The monster servers also use very little power unless they absolutely need to. Sure, the motherboard and RAM suck up a pretty stable 300watts or more... but the slow as hell 5400RPM drives use less than a watt when they're sleeping. And since we only have about 4 terabytes of actual high access rate data, a terabyte of RAM across two servers does a pretty good job caching it. Also using 15,000RPM drives for 4 full terabytes keeps things moving nicely.
Now, Flash would probably speed us up a bit, but given the way we allocated the blocks on the 4TB disks, they are being written A LOT!!! so even "Enterprise Flash" will have to be replaced all the time. Besides, thanks to the RAM cache, we are pretty much flooding the PCIe bus of the servers.
Oh... as a bonus.. thanks to most servers being shut down most of the time... the cooling cost of the room is dirt cheap compared to most data centers. And given the totally modular design, it can be scaled up tremendously for peanuts.
So... the guy who wrote the article doesn't get virtualization... that's pretty obvious. It's not about trying to save CPU, it's trying to save power, CPU, etc... the flash guys might get it, but in reality, if you have 2000 virtual machines and you're using Flash as a cache to speed up operation handling, it'll burn out blocks even on million write cycle flash in no time. RAM caching is the only real solution here. I never really liked SAN companies because their product managers seem to be so off the ball on what is actually needed. They're great if you need a 5 petabyte solution, but if you need a tiny little 1 petabyte solution with high performance, well, DIY works pretty good too.
I also don't understand why the article mentions networked storage arrays, as regardless of whether these use PCIe cards (not sure if production versions of these exist/have matured yet) or Flash SSDs, the network latency is constant.
In addition, I think you're mistaken in the idea that "servers running random I/O-bound apps are moving from storage networks to PCIe flash" - there will still be a huge need for storage networks as these are absolutely necessary for scaling, consolidation and redundancy. The technology they use to actually store data is less relevant than these other reasons for their existence.
PCIe flash cards are just expensive disk drives
We're seeing the storage industry go full circle with flash.
The reason SAN/NAS was invented in the first place was that disk drives were the most expensive component in a server.

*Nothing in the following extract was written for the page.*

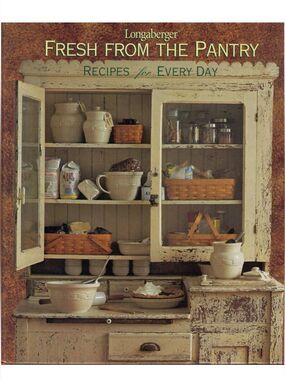 Longaberger “Fresh From The Pantry Recipes for Everyday” Cookbook!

By aggregating disks in a centralized location (outside of the server) capacity utilization and availability improved. A PCIe flash card in a server is just like a disk drive in a server, no other server can share it's capacity/performance resources = poor utilization of a very expensive resource; and for 99% of the implementations out there, if the card goes offline, you're data is offline or worse yet, you lose data.
PCIe flash cards still cost about as much as the entire server and are, again, the most expensive component of the server. It's a natural evolution that flash will migrate out of the server and into shared storage environments for economic efficiency.
I still need SAN
Latencies aren't much of an issue, but I have a pressing need for 100Tb+ sized chunks of storage.
The last data set my users worked with was 250Tb, the next set will be petabyte scale. Local caching helps a bit but you can't fit that kind of storage into your back pocket.
(No I don't virtualise. When 2 users can max out a shelf full of 48core blades, there's no point in doing so)
Bandwidth and latency confusion
I'm wondering why you cite improved bandwidth numbers (40Gbps Ethernet and 16Gbps FCP) as the solution to the latency problem? It's particularly irrelevant for the Ethernet example given that 40Gbps Ethernet is multilane 10Gbps :)
No Shit Sherlock.....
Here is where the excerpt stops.